▶ [TASK]: In the material below, begin at the line that has "フォントBharaticFontV15 – 緑色の文字が茶色の背景にあります。", stop after the line that has "Draped jersey knit", and transcribe those lines exactly, without pictures.

*** SOURCE MATERIAL Section Begins ***

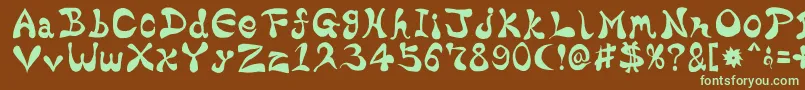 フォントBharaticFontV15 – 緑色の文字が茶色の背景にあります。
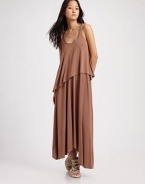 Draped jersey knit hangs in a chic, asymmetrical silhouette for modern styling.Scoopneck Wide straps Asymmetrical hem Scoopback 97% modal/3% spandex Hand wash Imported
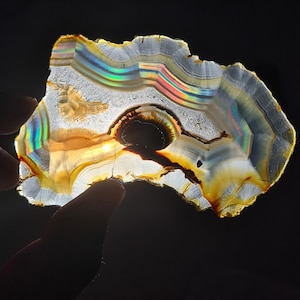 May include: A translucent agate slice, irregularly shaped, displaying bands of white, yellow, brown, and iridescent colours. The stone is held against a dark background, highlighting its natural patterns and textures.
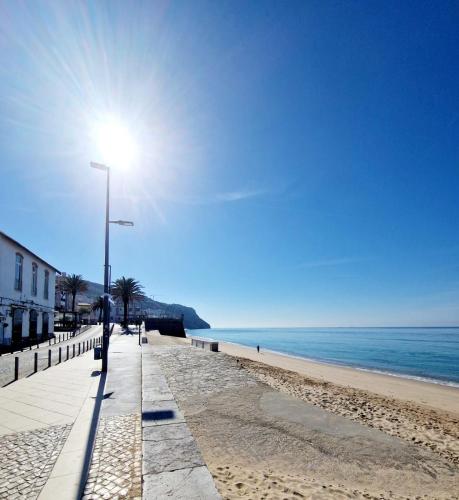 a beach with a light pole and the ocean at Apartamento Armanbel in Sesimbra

*** SOURCE MATERIAL Section Ends ***
*** SOURCE MATERIAL Section Begins ***

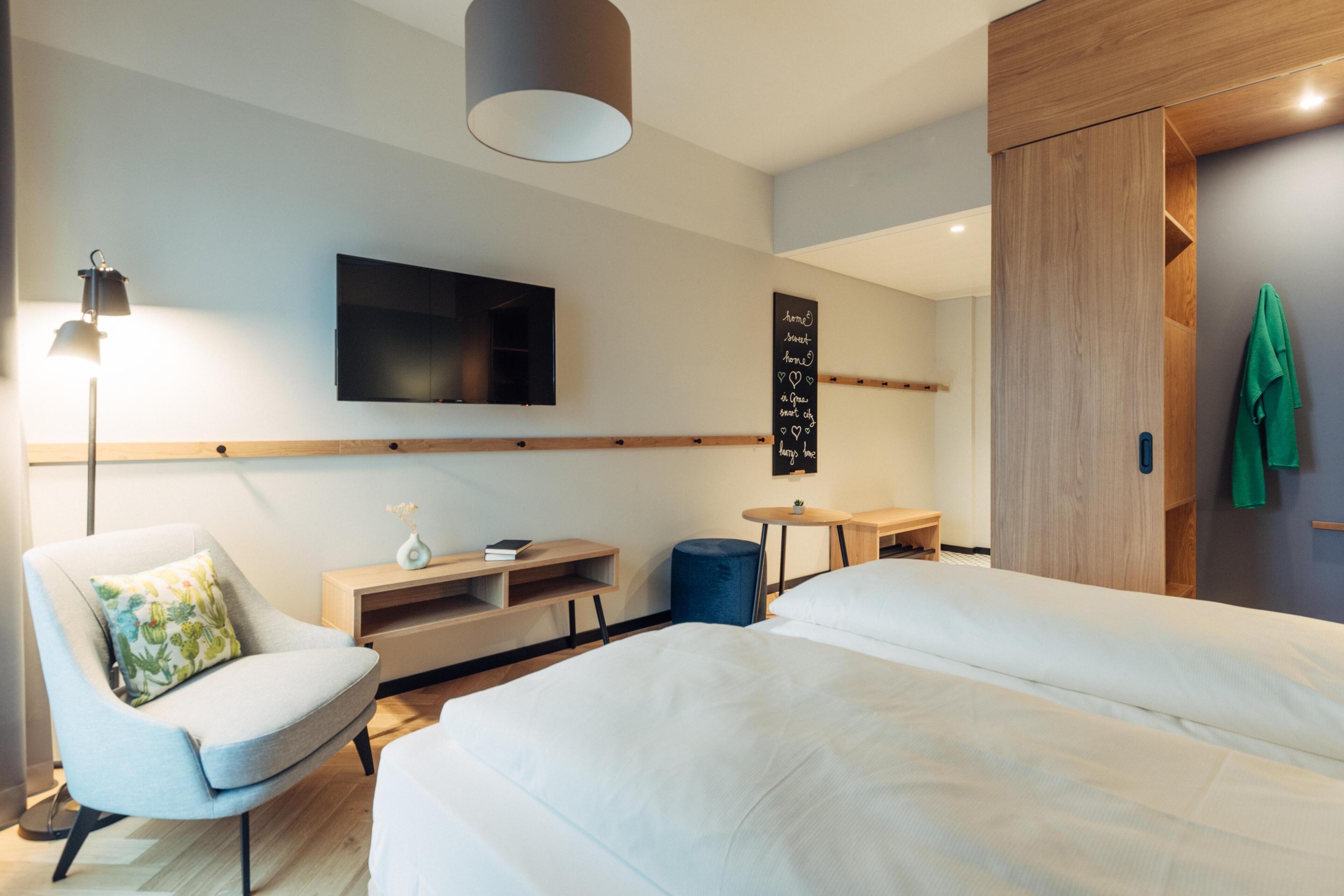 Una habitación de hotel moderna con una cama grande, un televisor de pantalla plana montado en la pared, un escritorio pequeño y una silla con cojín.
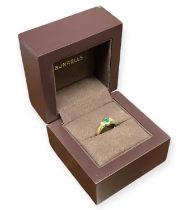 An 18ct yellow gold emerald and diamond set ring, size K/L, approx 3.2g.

*** SOURCE MATERIAL Section Ends ***

▶ [EXPECTED ANSWER]:
 フォントBharaticFontV15 – 緑色の文字が茶色の背景にあります。
 Draped jersey knit hangs in a chic, asymmetrical silhouette for modern styling.Scoopneck Wide straps Asymmetrical hem Scoopback 97% modal/3% spandex Hand wash Imported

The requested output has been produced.